The substructure search works great, however sometimes I just want to run an exact structure search and this is cumbersome at the moment as I have to mark out all possible positions in the SMARTS query. Additionally I am often processing over 50,000 rows of structures, and this can be very time consuming with a substructure search, I'd imagine a node which did exact structure searching would be much quicker.
I thought about matching just smiles strings, but unfortunately the same structure is not always represented with the exact same smiles string, the ordering of atoms is sometimes different, hence I cannot use row filter matching.
The RDKit Canon Smiles node can be used to do what you want.

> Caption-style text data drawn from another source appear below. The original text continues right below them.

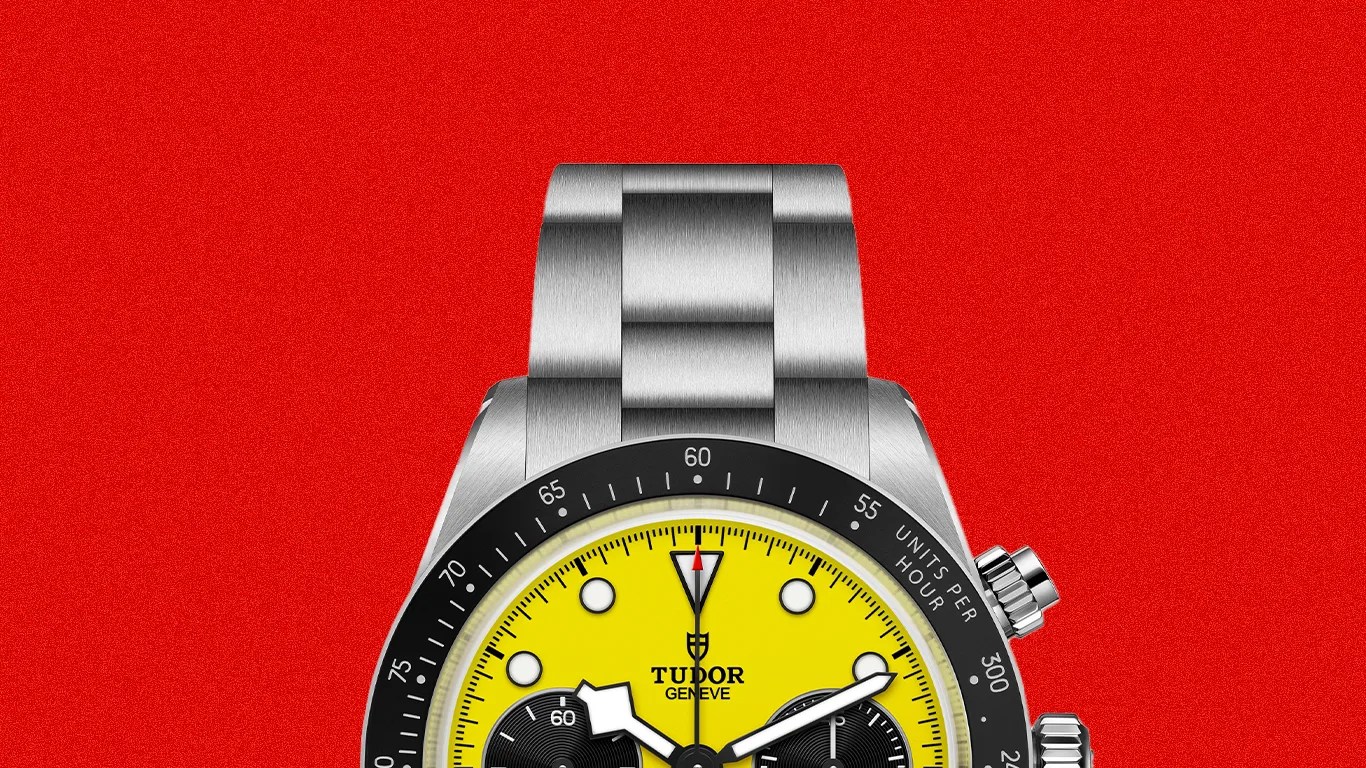Stainless steel Tudor wristwatch with a bright yellow dial, black subdials, and a black tachymeter bezel on a red background.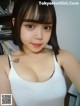 A woman in a white tank top posing for a picture.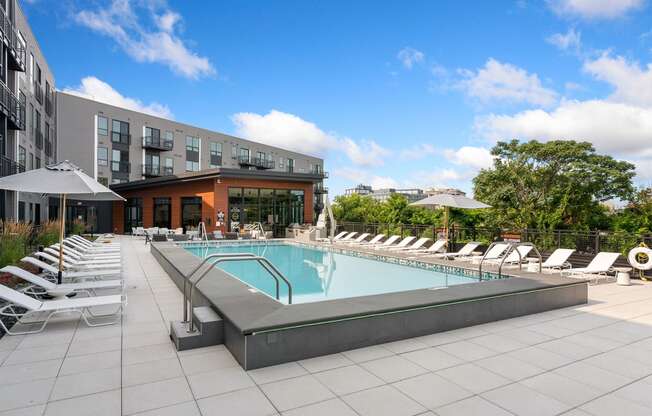 a swimming pool with chaise lounge chairs and umbrellas in front of a building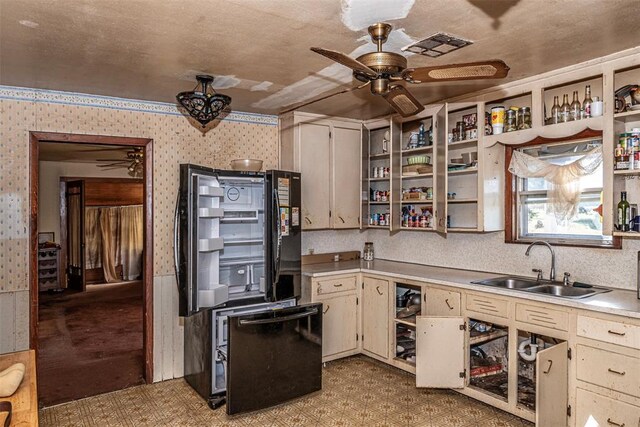 kitchen with ceiling fan, black fridge, sink, and cream cabinets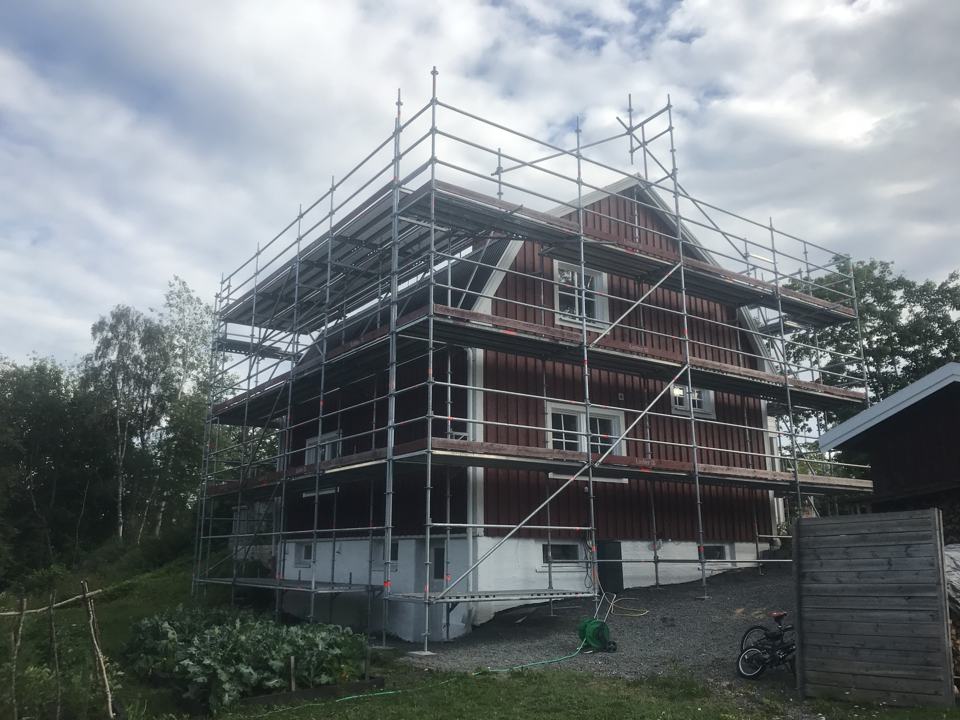 Rött trähus inbyggt i ställning en sommarkväll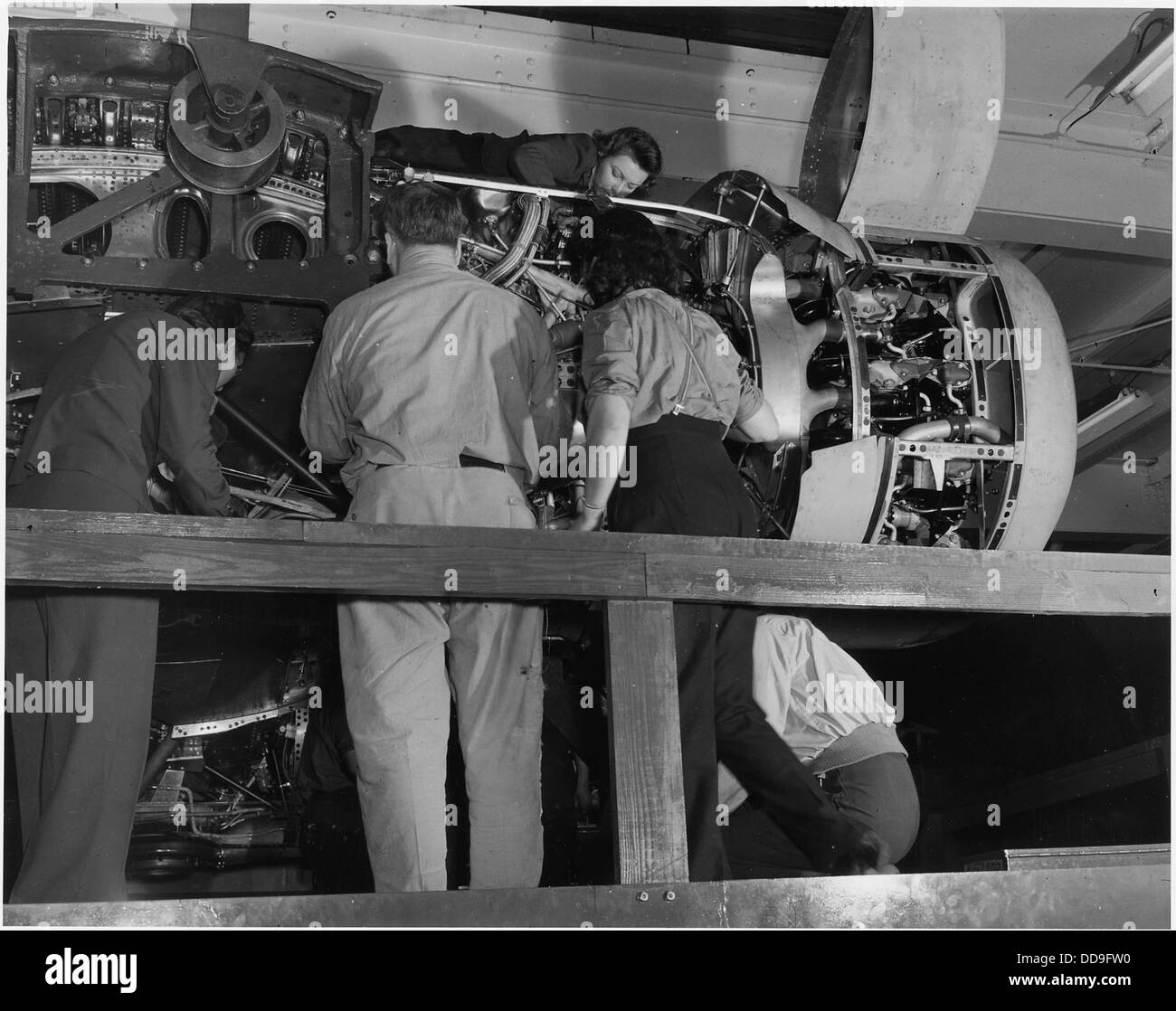Installing one of the four engines of a new B-24E (Liberator) bomber on one of the assembly lines of ford's big... - - 196388 Stock Photo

The node adds a column to the table with the canonical smiles for each molecule. If you use the canonical smiles of the molecule you want to do an exact structure search for as the query you can just do an exact string match in knime.
Another thing, I am finding the RDKit substructure searching magnificent, it is so so quick compared to some other substructure searching nodes I've used in KNIME. :-)
In terms of the canonical smiles, is it not possible to make the RDKit columns use canonical smiles to save doing the conversion back to smiles columns. As I have a workflow for others to use where they can do either substructure searching, and now also exact structure searching using the method you mention, but it does bring a timely delay whilst the RDKit column is first canonicalised back to smiles prior to the exact structure search. If the RDKit column was canonicalised, then that step could be removed and then my exact searching would be almost instantaneous. I hope it could be possible.
I think what you’re asking is for the ability to compare molecules directly to each other in knime to see if they are the same, right? This isn’t there at the moment, but it’s probably pretty easy to add.
Yes thats right, being able to do an exact search which pulls back the molecule in question along with its associated data in its other columns (i.e. SAR etc). It is sometimes useful to do substructure searching on the database (to which your substructure searching node works great), but there are other times when I want to take the same database and do an exact structure search to retrieve the one molecule. If there was just a tick box in the substructure search node to say whether to do substructure search or exact search that would be really useful.
To do exact searching with the present substructure search node requires me to explicitly draw hydrogens everywhere for the SMARTS string to stop it substructure searching which is cumbersome to do. Your alternative of using a row filter does work but it just adds an extra complication of canonicalising the RDKit column first back to smiles. I'd like to keep all structures in RDKit format if possible to make as user friendly as possible to others. As far as I can tell no-one has every made an exact structure search facility in KNIME yet.
I'd be very happy if it was possible for you to implement this.
I just checked in some changes that add an “Exact match” toggle to the Substructure search node. It should be available soon in the nightly build version of the RDkit nodes.
A caveat: this isn’t a true exact-structure match, since you can still have query features in the SMARTS. I think it’s close to what you want though.
 What it actually does is check to see that the molecule has the same number of atoms as the query before trying the substructure match. So the SMARTS “C[O,N]C” will generate and “Exact match” to either “COC” or “CNC”. If you don’t have query features in your SMARTS, this shouldn’t be much of a problem.